If a reusable exploit chain can be refreshed and folded into later operations, then the risk window is not defined only by the date of the original zero-day discovery. It is also defined by how many devices remain on software versions where those patched bugs are still exploitable.
A practical example: imagine a company that issues iPhones to executives, field staff, and contractors. Its core employees update quickly, but a handful of older devices used for travel, testing, or secondary roles remain on outdated iOS builds because “they still work.” From an attacker’s perspective, those stragglers can become the easiest path in. A recycled exploit chain does not need to beat Apple’s newest defenses if the target fleet is unevenly maintained.
That is why the defensive takeaway here is narrower and more concrete than a generic warning about nation-state threats. The real exposure is operational inconsistency. One unmaintained slice of a fleet can keep an older exploit market alive.
Patch status matters more than brand assumptions
The source material also points to an important defensive boundary: current iOS releases and Apple’s Lockdown Mode disrupt these exploit chains. That does not mean every attack disappears, and it does not prove that newer devices are invulnerable. It does mean the attackers described here were relying on conditions that stop being true once devices are fully updated and hardened.

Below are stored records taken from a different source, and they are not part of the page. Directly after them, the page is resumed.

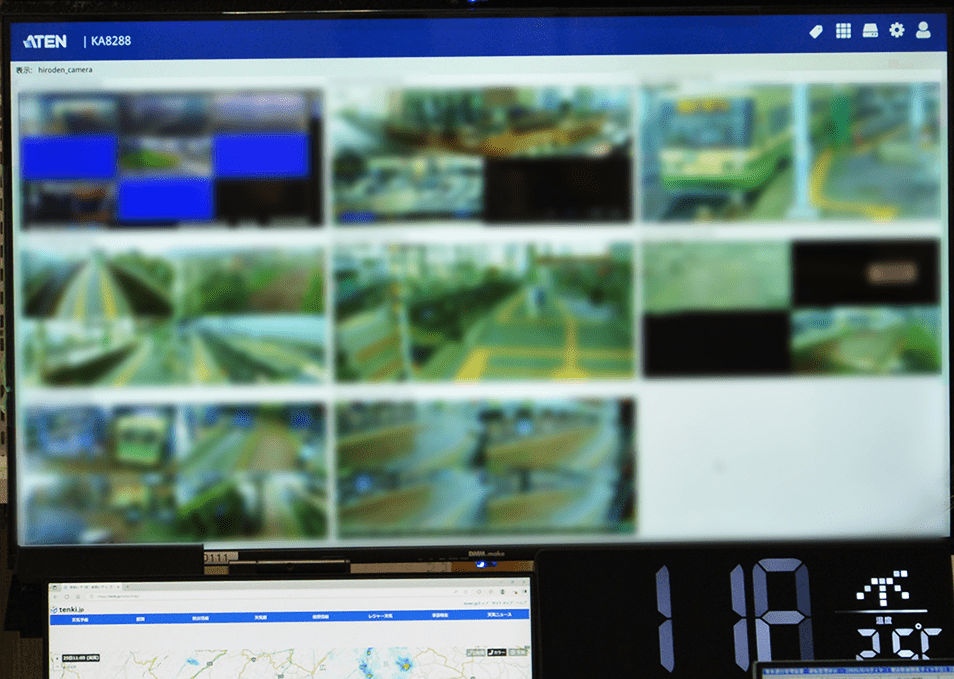 【運転指令室での複数のモニター画面】（ぼかし加工をしています）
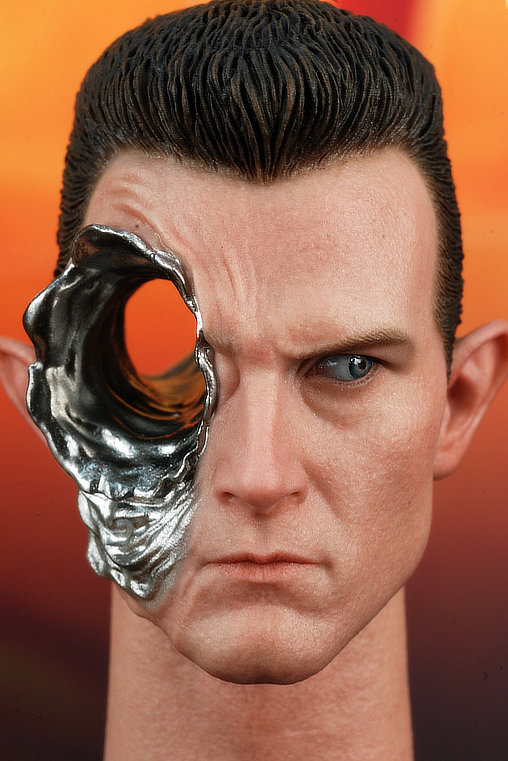 Terminator 2: T-1000 in Sarah Connor Disguise, 1/6 Figur von Hot Toys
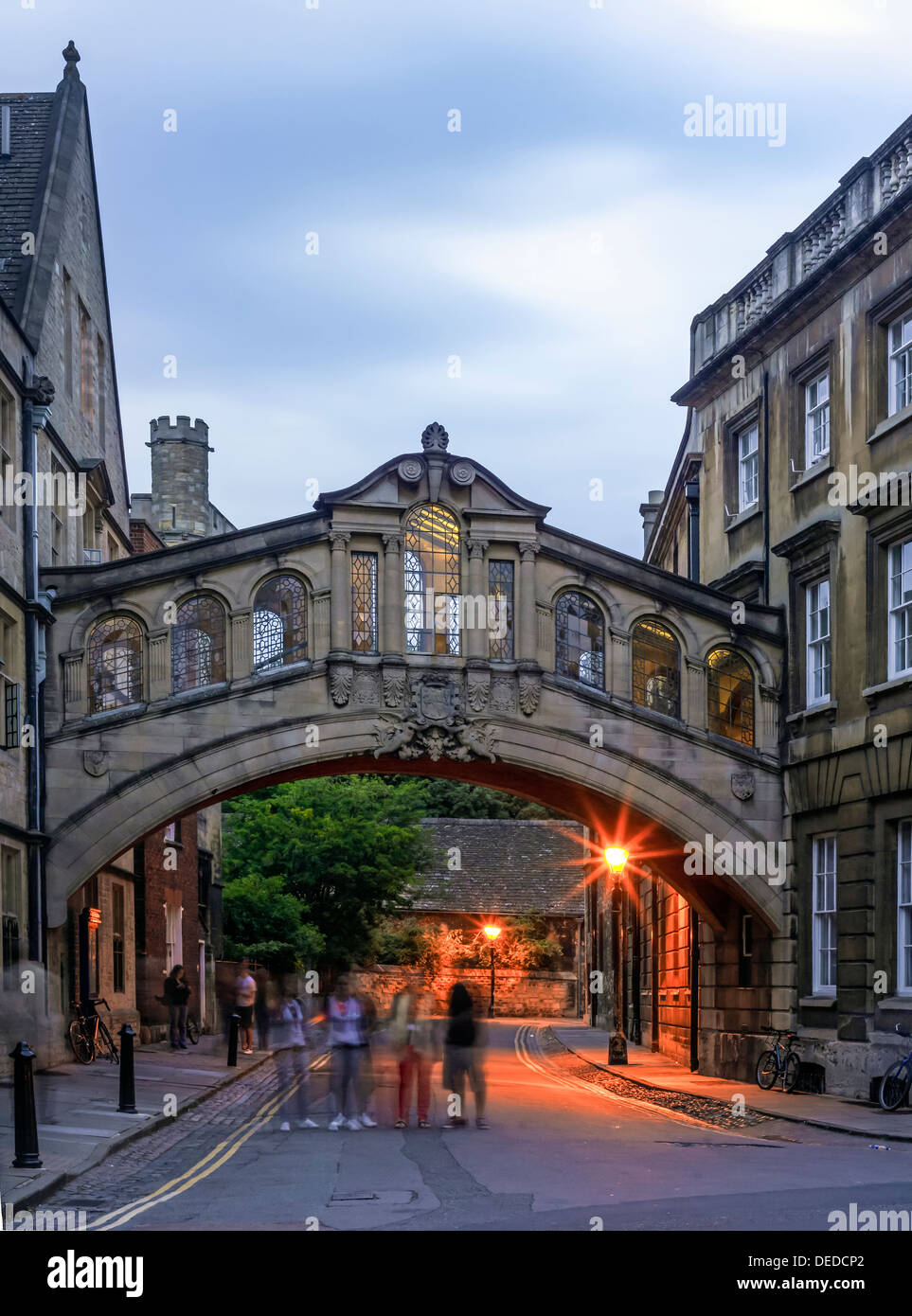 Students under Bridge of Sighs, Oxford Stock Photo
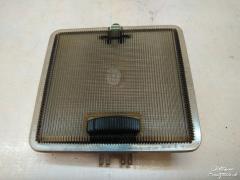 Audi Innenleuchte 443947105a hinten zu Audi 100, Audi 200, Audi 5000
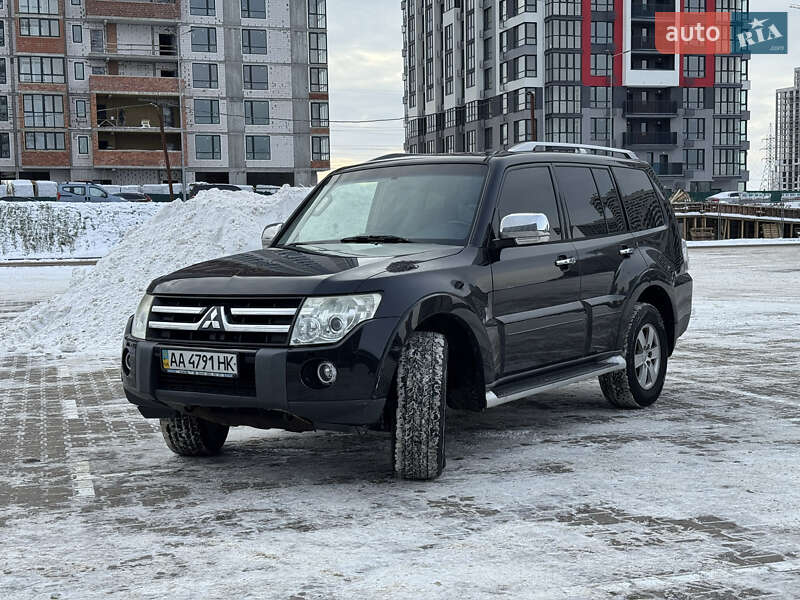 Внедорожник / Кроссовер Mitsubishi Pajero 2008 в Киеве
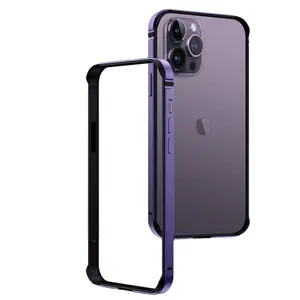 Металлическая оправа для iPhone 15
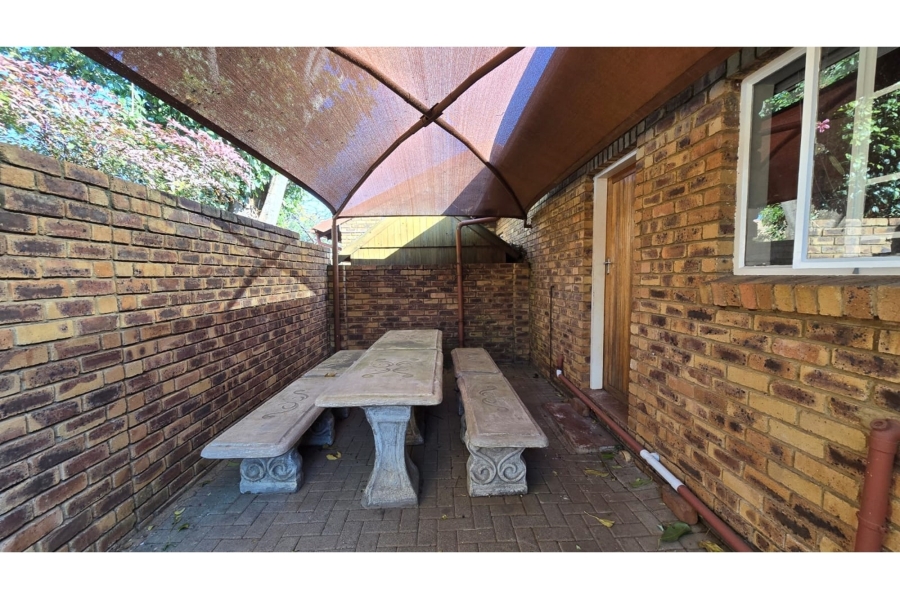 To Let 2 Bedroom Property for Rent in Annlin Gauteng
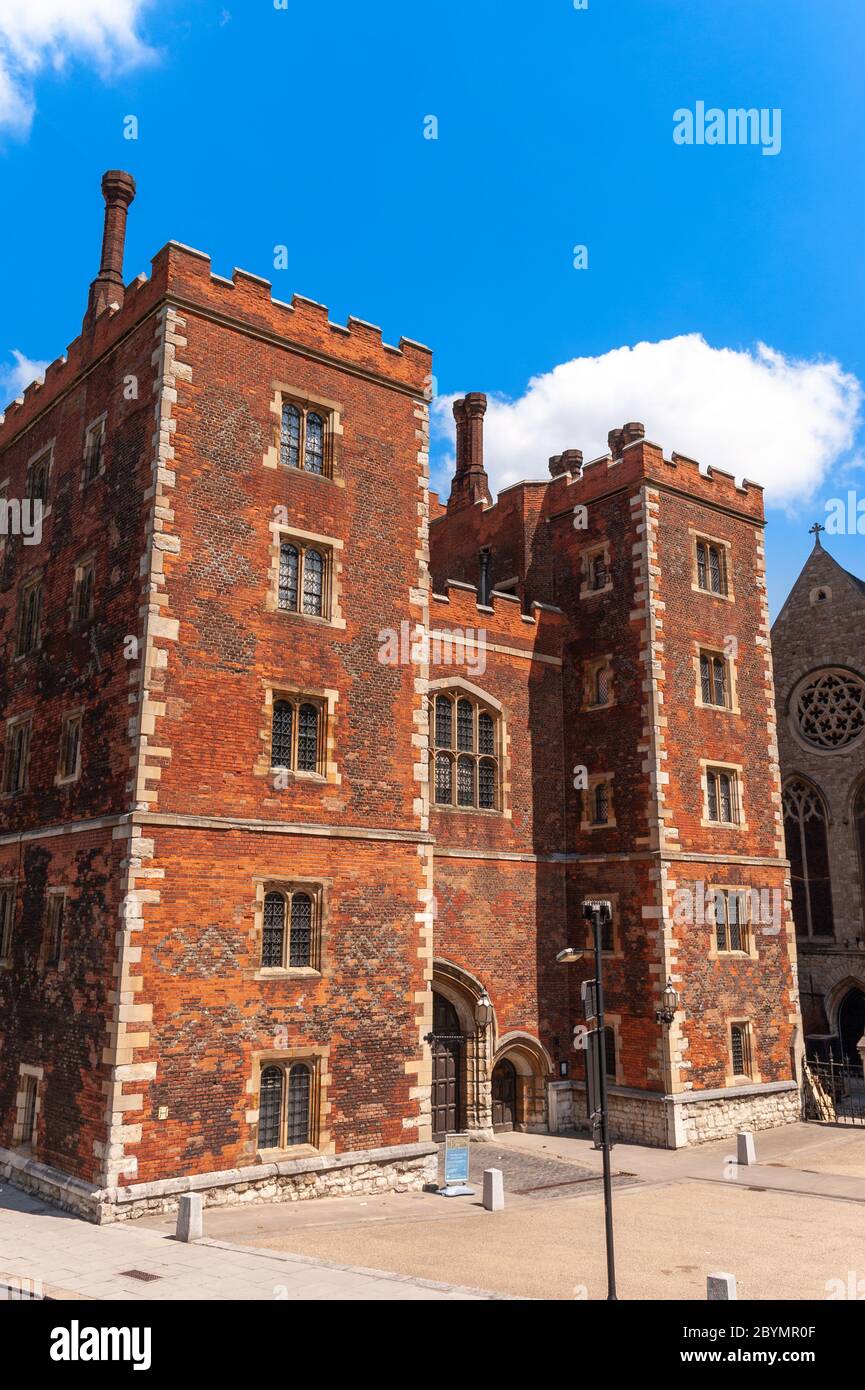 Tudor rosso mattone Gatehouse of Lambeth Palace di Londra, Regno Unito Foto Stock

For security teams, that is a useful distinction. The story is not “iPhones are broken.” The story is that older iPhones running behind on patches remain attractive targets, especially when attackers can repurpose expensive research across multiple campaigns and customers.
That also puts pressure on procurement and lifecycle decisions. Organizations often keep mobile devices in circulation longer than laptops and may tolerate update delays because phones feel less exposed or less business-critical. Coruna is a reminder that phones are now part of the same exploit economy as desktops and servers. Old code gets reused when old software stays deployed.
What to watch next
The next question is not only who built Coruna or who operated it in each case. It is whether more exploit frameworks will be shown to contain reworked pieces of previously exposed iOS chains.
If that pattern continues, a few consequences follow:
- Threat reporting on “new” mobile exploit kits will need closer technical comparison against older campaigns.
- Patch urgency for mobile fleets will look less like routine hygiene and more like direct exposure reduction.
- Lockdown Mode will keep gaining importance as a practical control for high-risk users, not just a niche feature.
There is also a market implication. Google’s earlier reporting, as described by Kaspersky, tied the exploit kit to a customer of an unnamed surveillance vendor before it spread into other attack contexts. If offensive mobile tooling can move from one customer environment into broader use, the old distinction between boutique surveillance capability and wider criminal or regional threat activity starts to look less tidy.
Kaspersky’s Coruna finding does not prove a single unified actor behind every observed use. It does something more useful: it shows that highly capable mobile exploitation can persist as reusable infrastructure.
For readers deciding what actually matters here, the answer is straightforward. The biggest risk signal is not the name Coruna by itself. It is the evidence that a sophisticated iPhone exploit chain from 2023 could be updated and reused in 2026 against devices still living in the past.